Moreover, as that figure above shows, most of us kind of know the pecking order of impending cancellations, and that hasn't changed since GL's cancellation. It is "foreordained" by the numbers and the trends...and the sad fact that for most of the population soaps are now as hopelessly out of date as disco and Lawrence Welk and manual typewriters.
Cultural obsolesence, coupled with changing daytime demographics and changing advertiser economics is what did this.
5. Whither soap opera? Maybe that is more correctly asked as "what is the future of the serial?"
The future is not in the daytime. The future is not melodramatic. The future is not necessarily woman-oriented. The future is not daily. The future is not on broadcast TV.
The evolution is being televised.
Friday Night Lights. ER. Brothers and Sisters. Lost. True Blood. Continuing themes in NCIS. The serial is really alive and well. Adult drama is live and well (well, thanks to Jay Leno on NBC...maybe not so well right now).
The soap -- a particular commercial form for women to "listen" to at home while ironing and cooking -- that is on the way out. For those of us who loved it, that is lamentable...but we can take comfort in all the contributions soaps have made for most of the 20th century and a smidgen of the 21st.
6. Wacky? Not at all. Not one bit.

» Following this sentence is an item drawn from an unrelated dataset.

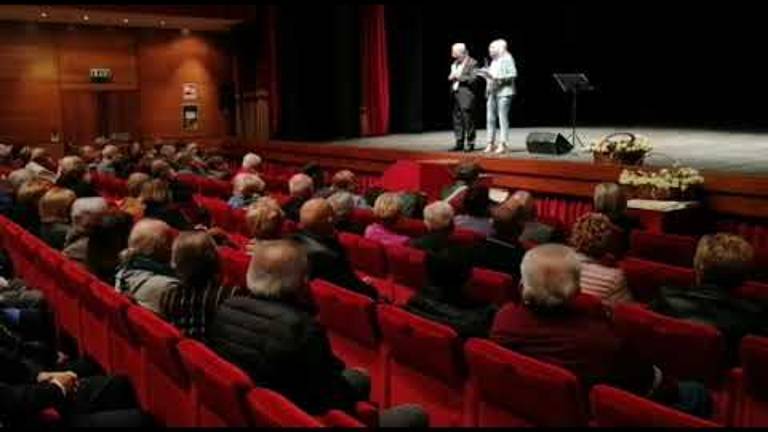 Forlì, festa delle nozze d'oro per 121 coppie al Teatro Fabbri VIDEO Forlì, festa delle nozze d'oro per 121 coppie al Teatro Fabbri VIDEO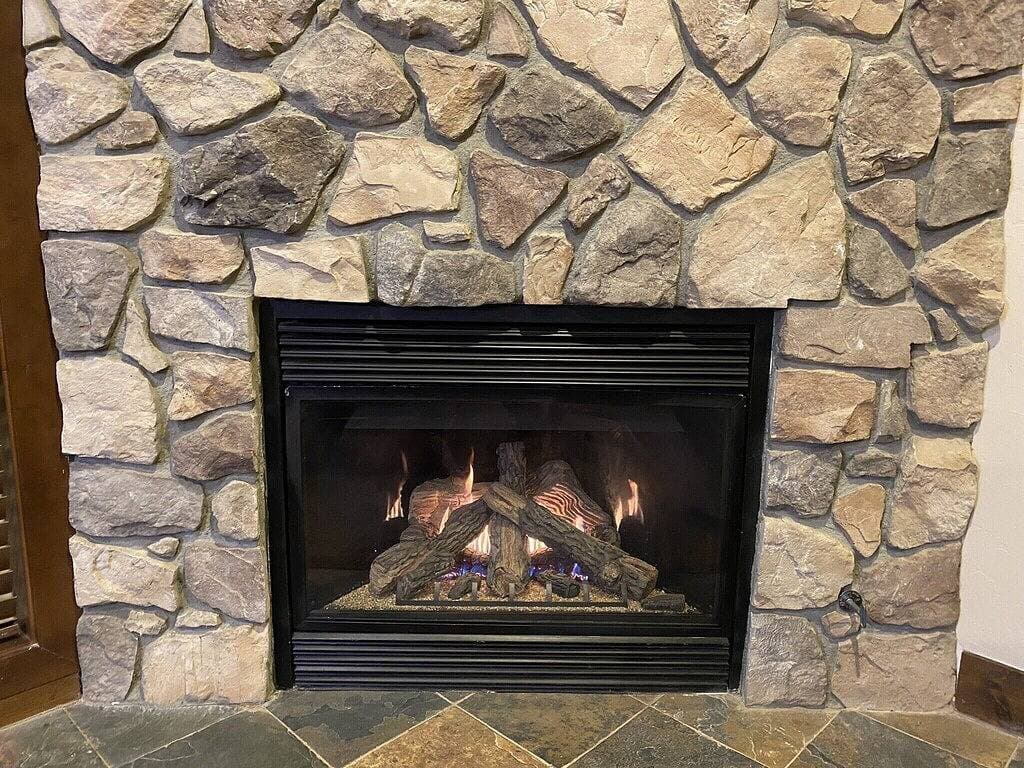 Foto 7 von 40: New Shaver Lake listing! Beautiful 4 Bed 3 Bath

But the use of that word "wacky" is a fundamental one--and it displays the kind of cultural bias that soaps have had to work against from the beginning.
- Too commercial (e.g., James Thurber's "Anacinville")
- Too women-oriented (melodrama produces eye rolls in the network executive)
- Too emotional and relationship oriented (that's basically misogyny and, in more recent times, homophobia)
- Too old (When we call them "grandma's stories", we're basically buying into both ageism, and the prevailing belief that generations can't share popular culture)
Wacky is just the latest line of insults that soaps and their supporters have had to endure. So, as we have for the better part of a century, our best course of action is to ignore the insulters. Because they do not understand how these "worlds without end" have given us a sense of home and narrative throughline that runs through our lives. They cannot know what we will be missing, because they never had the joy of experiencing it for themselves in the first place.